MATERIAL FOR THIS EXERCISE –
________________________________________
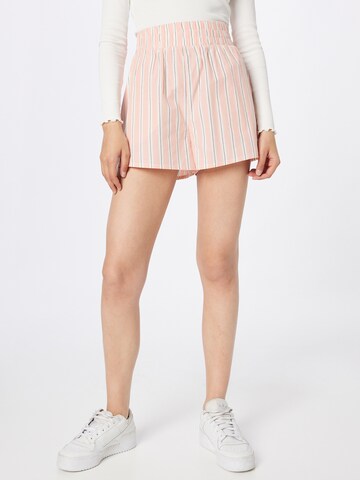 Monki Regular Shorts in Weiß: predná strana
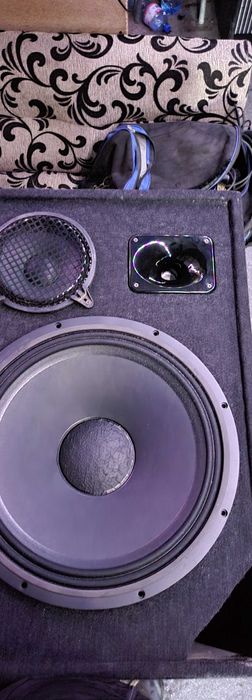 Озвучаване 2х18 и 2х15 инча cerwin vega Стъпало 10k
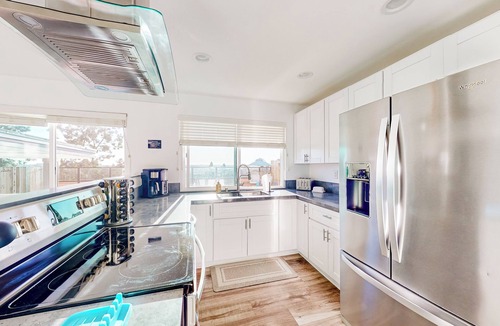 Del Cerro House | Dog-Friendly Home: Saltwater Pool, Fire Pit, Games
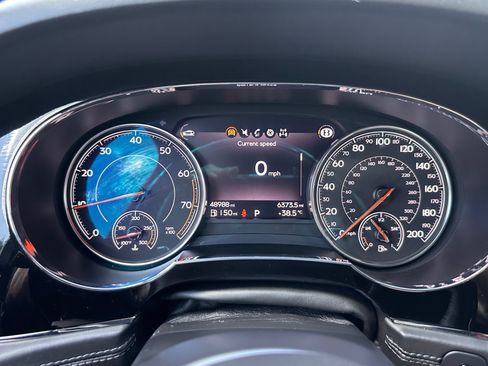 Used 2020 Bentley Bentayga Speed AWD/4WD image 32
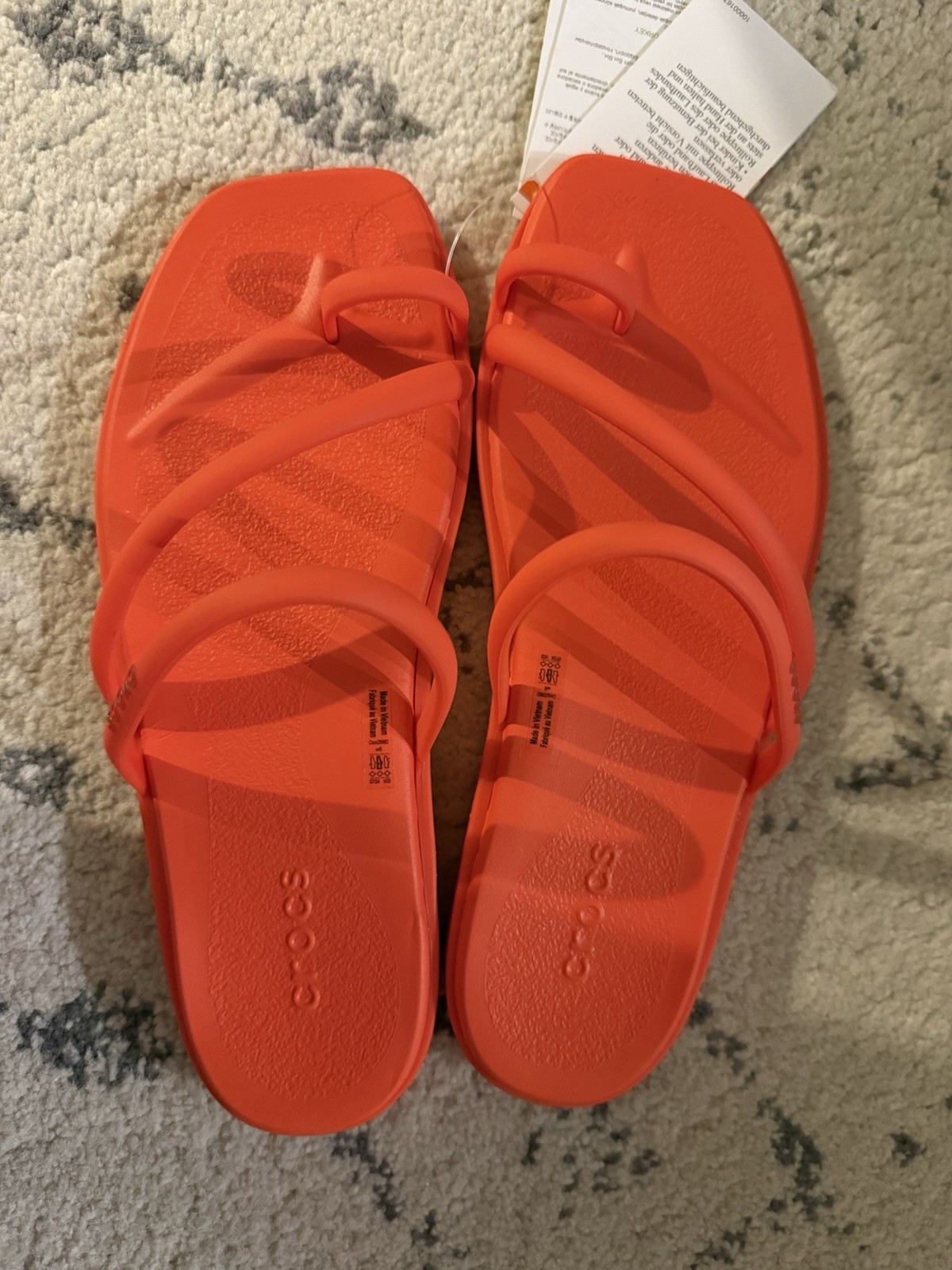 APL Sandalo Crocs miami toe loop nuovo con etichetta taglia W6 lava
________________________________________
WHAT TO WORK ON –
What you give back must match the material word for word, with no images included.

TASK ANSWER –
 Monki Regular Shorts in Weiß: predná strana
 Озвучаване 2х18 и 2х15 инча cerwin vega Стъпало 10k
 Del Cerro House | Dog-Friendly Home: Saltwater Pool, Fire Pit, Games
 Used 2020 Bentley Bentayga Speed AWD/4WD image 32
 APL Sandalo Crocs miami toe loop nuovo con etichetta taglia W6 lava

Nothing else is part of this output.